Mexico City - A 7.2-magnitude earthquake struck Mexico's southern Pacific Coast on Friday, according to the United States Geological Survey. The quake was reported at 5:39 pm local time, shaking buildings about 225 miles away in Mexico City, where tremors left tall buildings swaying for more than two minutes.
No deaths or injuries were immediately reported. But 13 people were killed and 16 were injured hours later when a military helicopter transporting Mexico Interior Minister Alfonso Navarrete Prida and Oaxaca Governor Alejandro Murat to Pinotepa Nacional, a town near the quake's epicenter, crashed.
Mr. Navarrete later told Mexican news media that the pilot lost control while trying to land and the helicopter tipped over. The victims were in a temporary camp set up in a field in Colonia Aviación, where they had taken refuge after the 7.2 quake struck. Aftershocks had caused them to flee their homes for fear they would collapse.
Among the 13 fatalities were a four-month-old baby, two little girls around the age of nine, five women and four men. Twelve of them died at the crash site and one in the hospital. Mr. Navarrete and the governor, Alejandro Murat, were among the 15 people who sustained minor injuries.
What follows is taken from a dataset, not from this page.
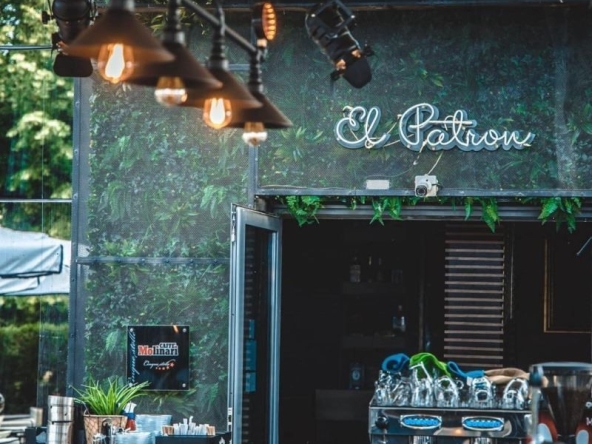 Заведение в Димитровград - 568 кв.м за 661 €/кв.м - Снимка #1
The Oaxaca state director of civil protection, Heliodoro Díaz Escárraga, said that homes were damaged in the town of Santa María Chimalapas and that the town of Jamiltepec was one of the hardest hit. According to El Universal newspaper, more than 50 homes and hospitals in communities in the state's coastal region were damaged by the quake.
The epicenter of Friday's earthquake was between those of the 8.1 magnitude quake that struck September 7 off the southern Pacific coast near Chiapas state and the 7.1 temblor that hit closer to the capital on Sept. 19. But from a geological standpoint, all three occurred in the same general area - a so-called subduction zone, where one piece of the earth's crust, the Cocos Plate, is slowly sliding under another, the North American.
In addition to local destruction, strong Mexican earthquakes often cause damage in Mexico City - even if, as in this case, the capital is miles away. Mexico City was built on an ancient lake bed, and the sediments of sand and clay amplify the seismic waves as they arrive from the epicenter.